Appraisers in four states — Illinois, Maryland, Missouri, and Nevada –- may not be allowed to consider “distressed sales” (e.g., foreclosures or short sales) when using comps as a part of a residential appraisal. If bills being considered pass, it could put appraisers in the position of choosing whether to violate federal law (Uniform Standards of Professional Appraisal Practice, or USPAP) or these new state laws.

According to the Appraisal Institute, which has the full story:

Not following USPAP could subject the appraiser to having action taken against their license. Therefore, appraisers would have to make the decision to commit a USPAP violation — which in the case of federally related transactions would be a violation of state law — or to violate the law prohibiting the consideration of distressed sales as comparables.
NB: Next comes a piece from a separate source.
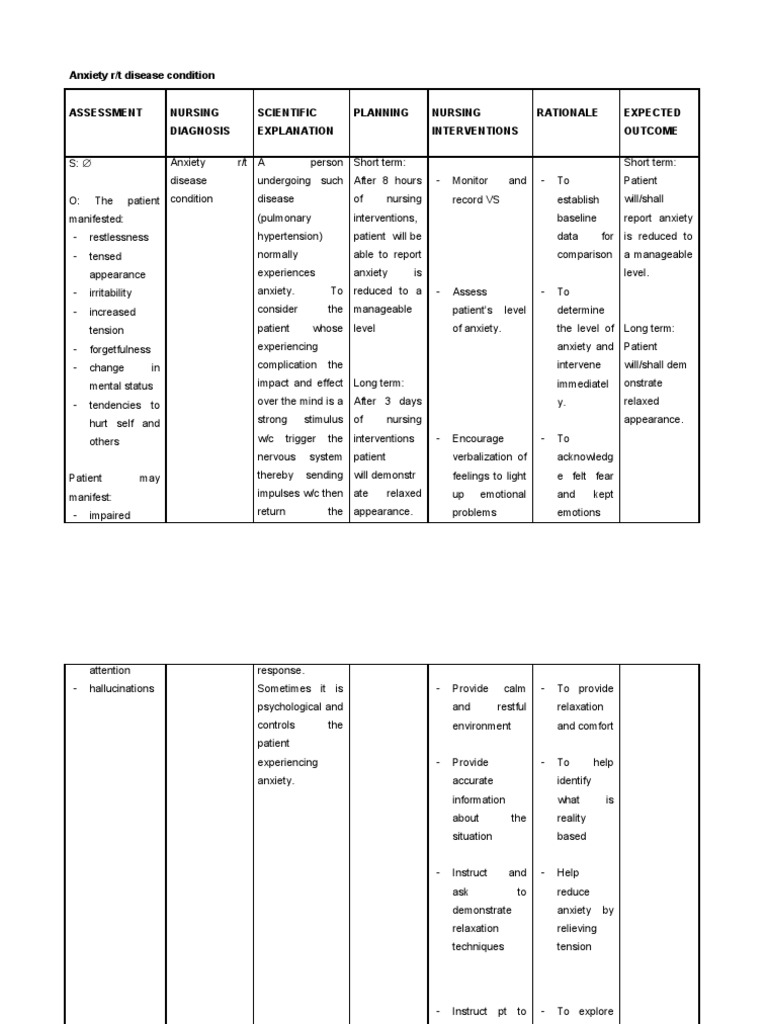 Nursing Care Plan for Anxiety in Hypertension | PDF | Self-Improvement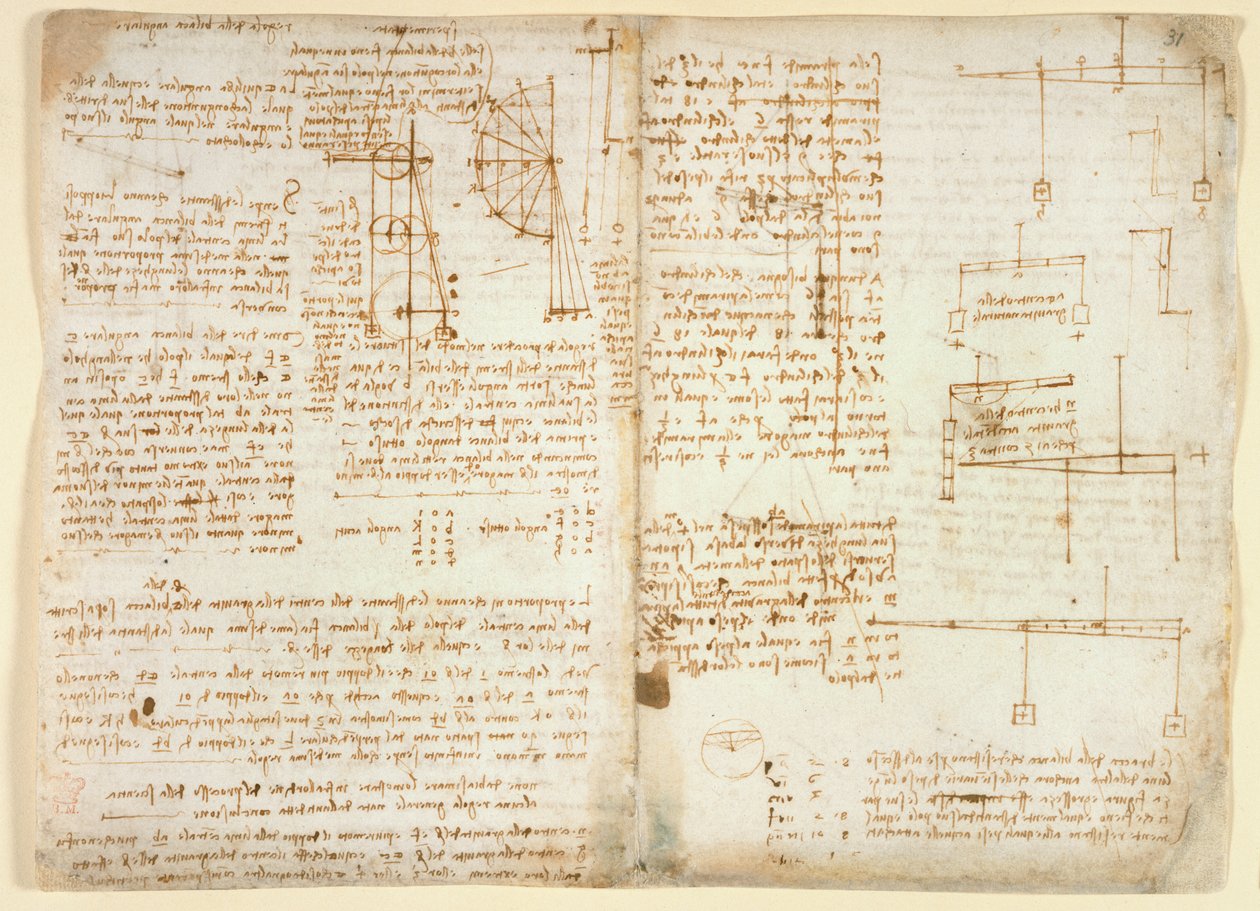 Arundel 263 f.32v, f.31 Megjegyzések és diagramok a mechanikáról, a Codex Arundel-ből alkotó: Leonardo da Vinci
Not using distressed sales as comps isn’t an entirely new issue. Based on this thread on the Appraisers Forum, the VA doesn’t allow them to be used when appraising its properties. Writes one participant, discussing a job:

The neighborhood has a mixture of short sales, foreclosures, and normal sales. If I used short sales, the value comes in about $165K. If I used normal sales only, the value is about $210K That’s the difference of whether a buyer wants to deal with the hassles of a short sale. […] Short sales are a marketability issue. Its just like dealing with a property that backs up to a highway.

Appraisers, not surprisingly, aren’t thrilled about these bills.